La foule hongroise veut Nagy, le héros Nagy. Le gouvernement s’effondre. Imre Nagy, grand figure communiste dans son pays, forme une coalition le 1er novembre et annonce le retrait de la Hongrie du Pacte de Varsovie. Horreur ! s’écrie Moscou. Dans son bain, Khrouchtchev jette son canard en plastique soviétique. Trop c’est trop, ils vont voir de quel bois je me chauffe, ils vont se mettre au russe et fissa !

 

Le 4 novembre, l’Armée Rouge envahit Budapest. Près de dix divisions de chars s’attaquent à la résistance hongroise qui, sans jeux de mots, résiste avec héroïsme. Vous les connaissez tous, ces photos d’étudiants en pull et pantalons, cravates ou boucles brunes au vent se lancer, dans une course désespérée, en direction des chars. La répression soviétique fait près de 200 000 morts. Nagy, lui, finira pendu.

Aujourd’hui, nous fêtons les soixante ans de cette insurrection du désespoir qui se termina dans un flot de sang et de larmes. Khrouchtchev perdit toute crédibilité face à l’Ouest. Même les plus communistes des intellectuels occidentaux s’interrogèrent.
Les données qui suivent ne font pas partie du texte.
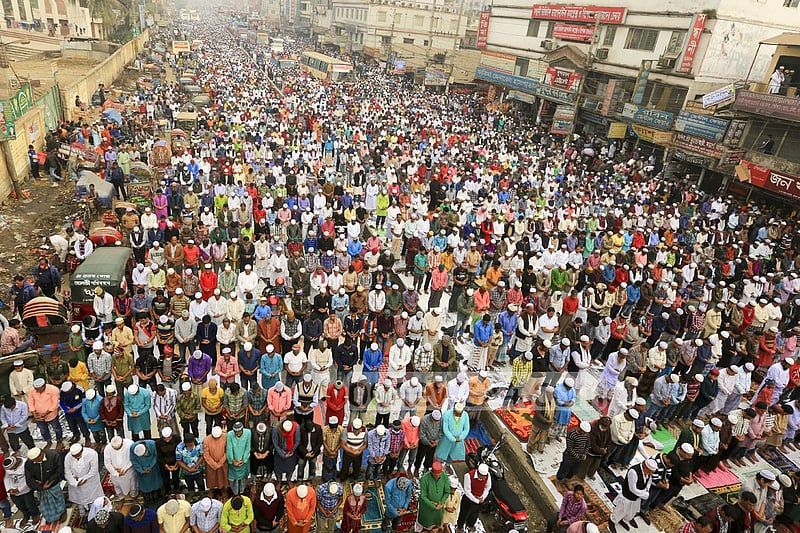 Devotees offer Jumma prayers on the first day of Bishwa Ijtema, the second largest religious congregation of Muslims in the world after the hajj, organised on the bank of the Turag river on Friday.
Le massacre était-il pas inévitable?

En 1989, trente-trois ans après les évènements de Budapest, autrement dit une éternité sur l’échelle d’une vie (et un grain de poussière sur l’échelle de l’Histoire), la République de Hongrie fut proclamée un 23 octobre. La mémoire est faite de symboles et de commémorations. Souvenons-nous.